__What the task requires__
Your answer must be the exact lines of the listing below that run from the line with "Floral Pop Black Accessory Pouch" to the line with "Bracciale Am&eacute;lie Oro", ends included, and no pictures.

__Extracted records__

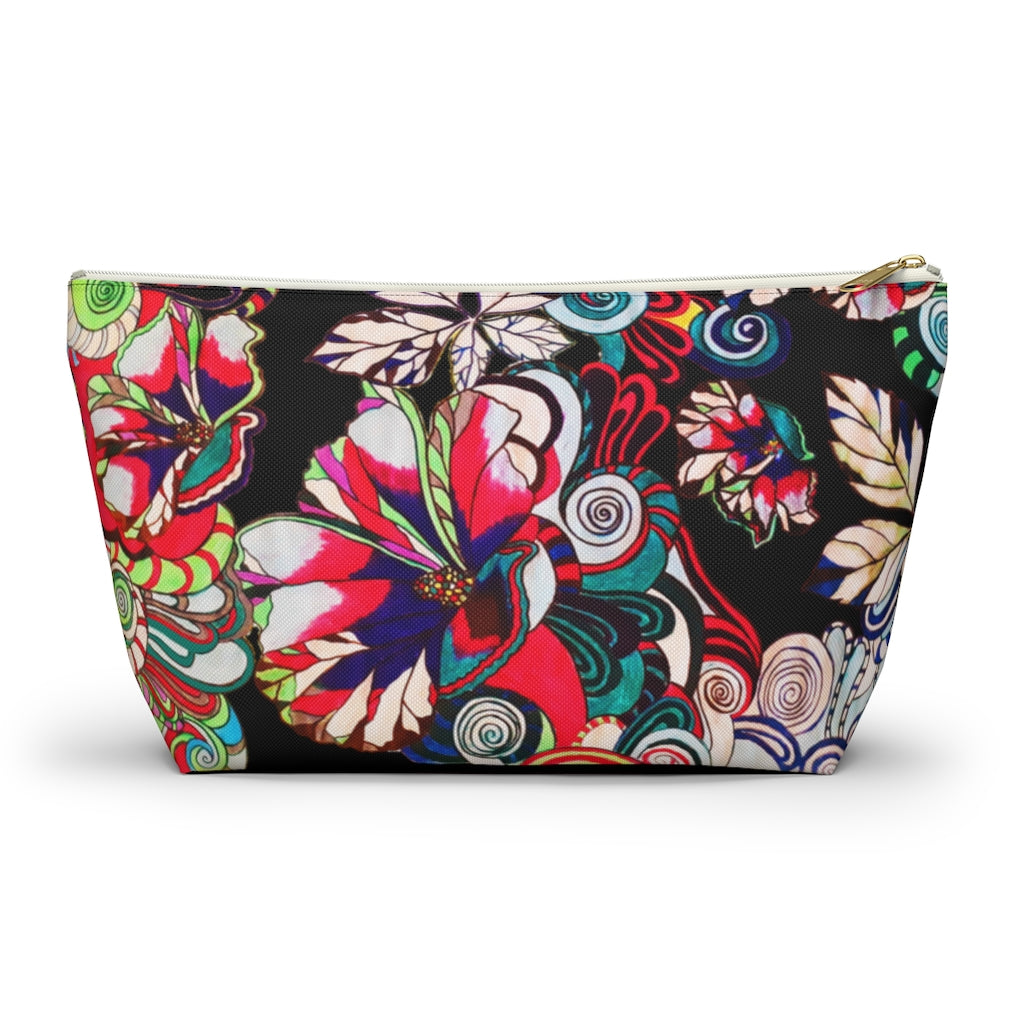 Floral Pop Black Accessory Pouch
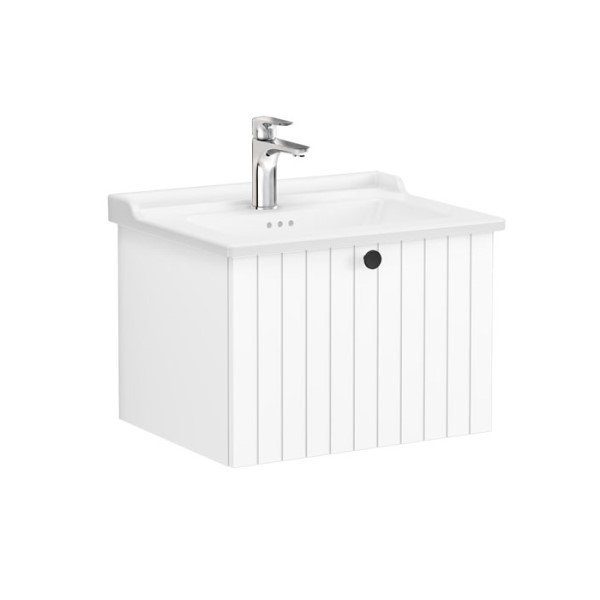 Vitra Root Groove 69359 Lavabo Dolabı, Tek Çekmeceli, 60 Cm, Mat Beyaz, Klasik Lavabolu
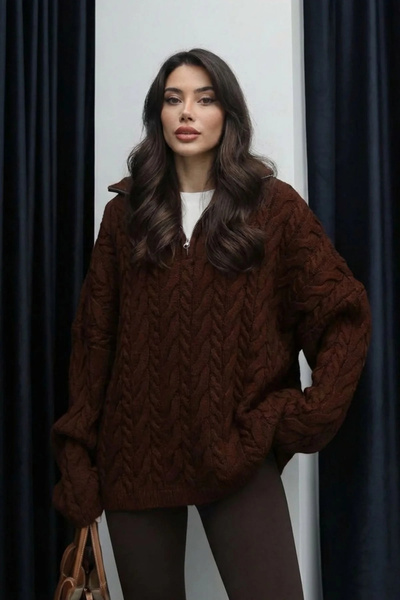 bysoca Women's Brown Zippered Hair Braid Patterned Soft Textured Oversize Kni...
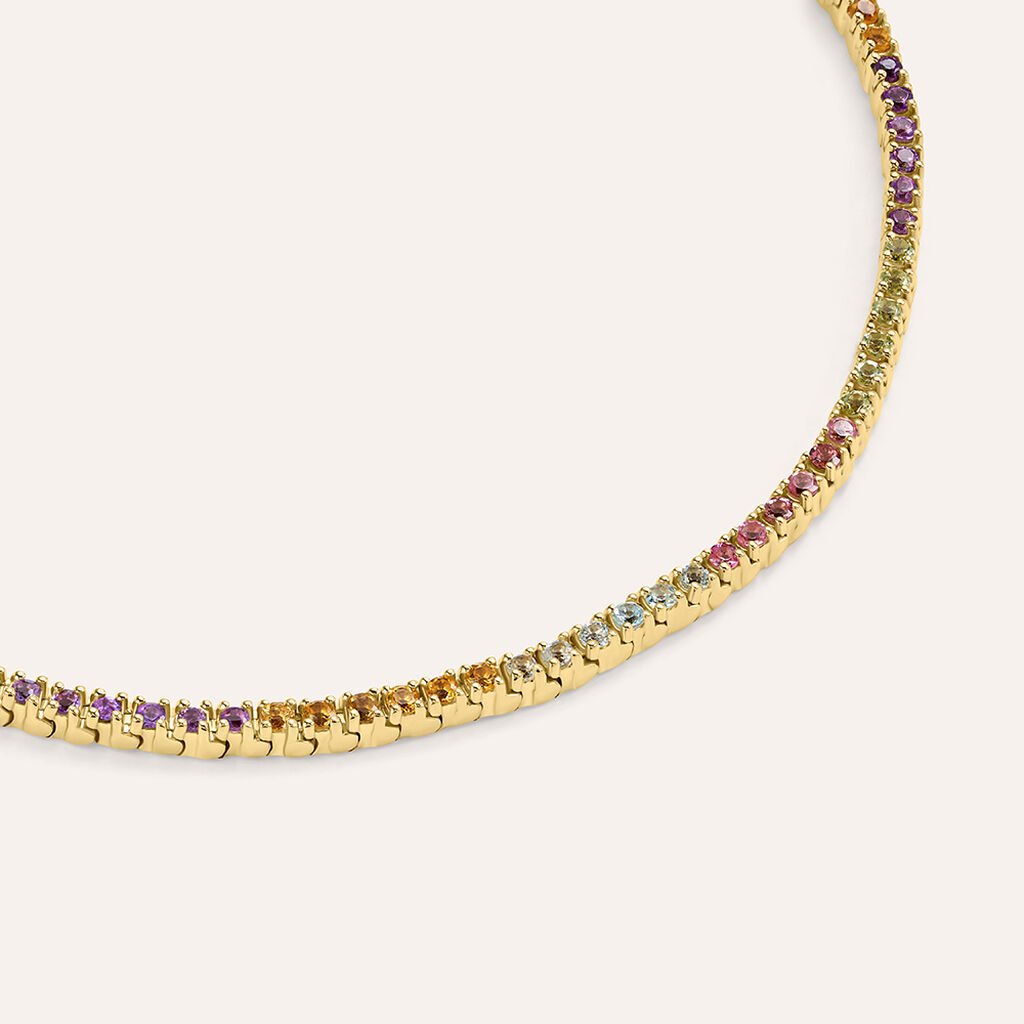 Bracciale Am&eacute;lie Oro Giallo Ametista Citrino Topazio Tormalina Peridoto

* * *

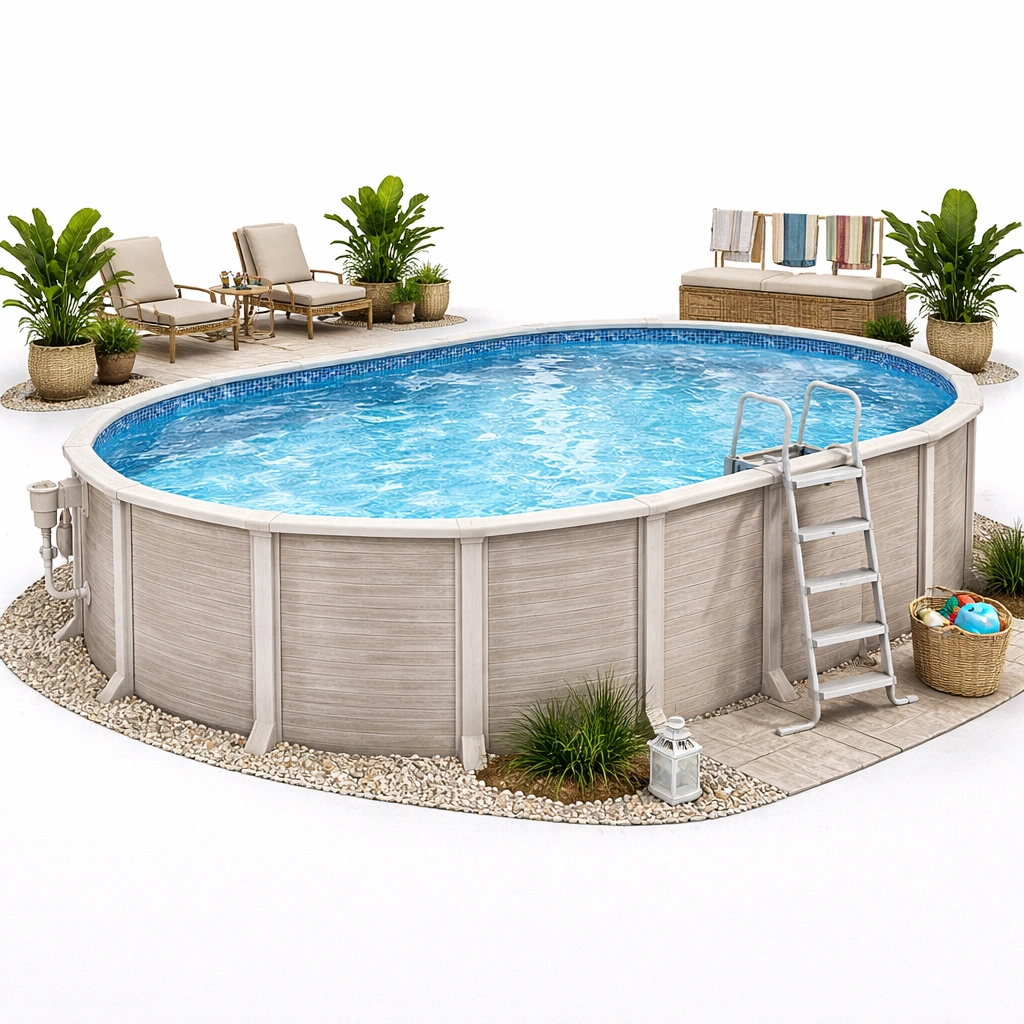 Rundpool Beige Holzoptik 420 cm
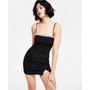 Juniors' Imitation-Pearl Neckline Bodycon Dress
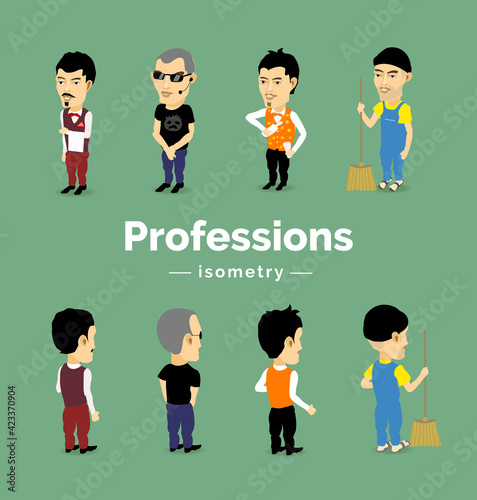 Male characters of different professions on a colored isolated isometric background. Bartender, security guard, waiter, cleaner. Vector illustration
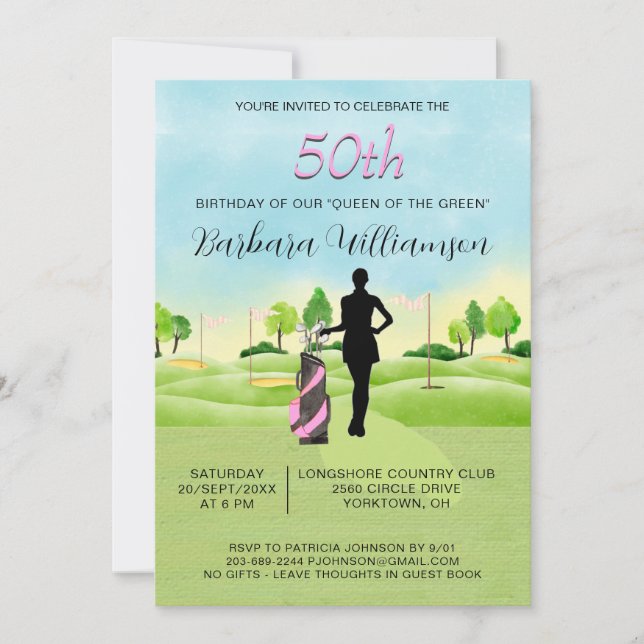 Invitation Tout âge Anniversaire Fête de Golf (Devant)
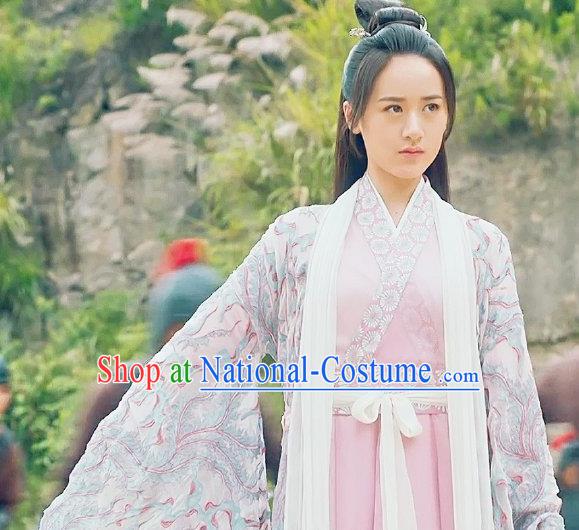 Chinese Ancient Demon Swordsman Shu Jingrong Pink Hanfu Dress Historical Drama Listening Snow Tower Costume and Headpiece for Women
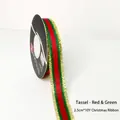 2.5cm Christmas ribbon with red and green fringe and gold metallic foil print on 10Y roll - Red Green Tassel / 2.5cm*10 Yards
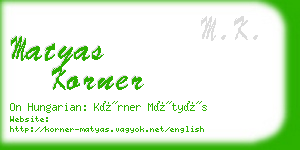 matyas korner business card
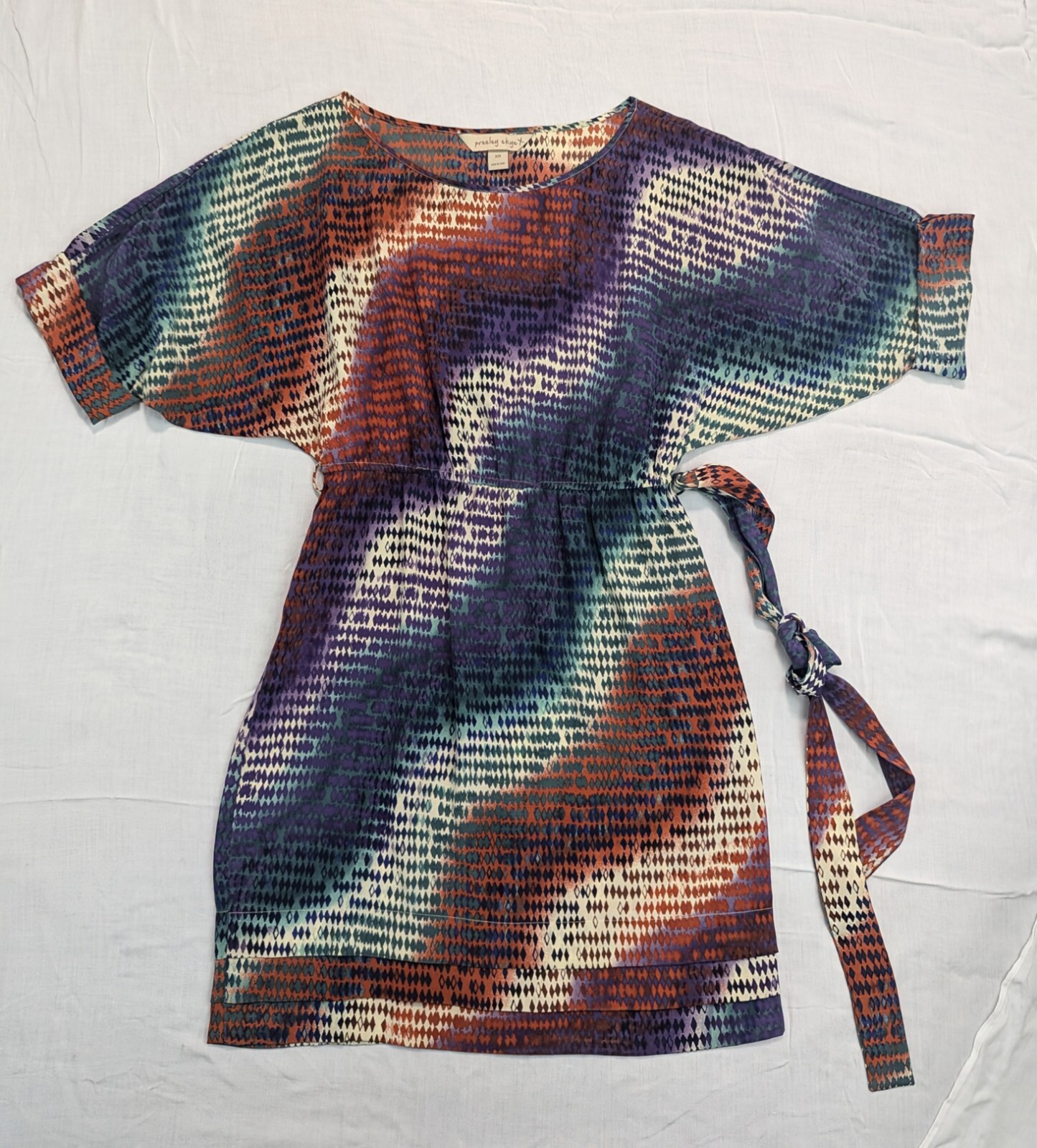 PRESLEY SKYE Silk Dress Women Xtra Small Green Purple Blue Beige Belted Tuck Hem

* * *

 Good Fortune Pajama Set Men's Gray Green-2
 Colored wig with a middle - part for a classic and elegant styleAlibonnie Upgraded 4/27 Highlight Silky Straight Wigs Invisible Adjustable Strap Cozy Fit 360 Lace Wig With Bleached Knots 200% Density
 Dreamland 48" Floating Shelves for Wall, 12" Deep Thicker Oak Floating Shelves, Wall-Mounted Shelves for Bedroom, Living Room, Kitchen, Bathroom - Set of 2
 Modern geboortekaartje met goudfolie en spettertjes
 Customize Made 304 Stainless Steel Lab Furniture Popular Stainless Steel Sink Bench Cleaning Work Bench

__Answer section__
 Floral Pop Black Accessory Pouch
 Vitra Root Groove 69359 Lavabo Dolabı, Tek Çekmeceli, 60 Cm, Mat Beyaz, Klasik Lavabolu
 bysoca Women's Brown Zippered Hair Braid Patterned Soft Textured Oversize Kni...
 Bracciale Am&eacute;lie Oro Giallo Ametista Citrino Topazio Tormalina Peridoto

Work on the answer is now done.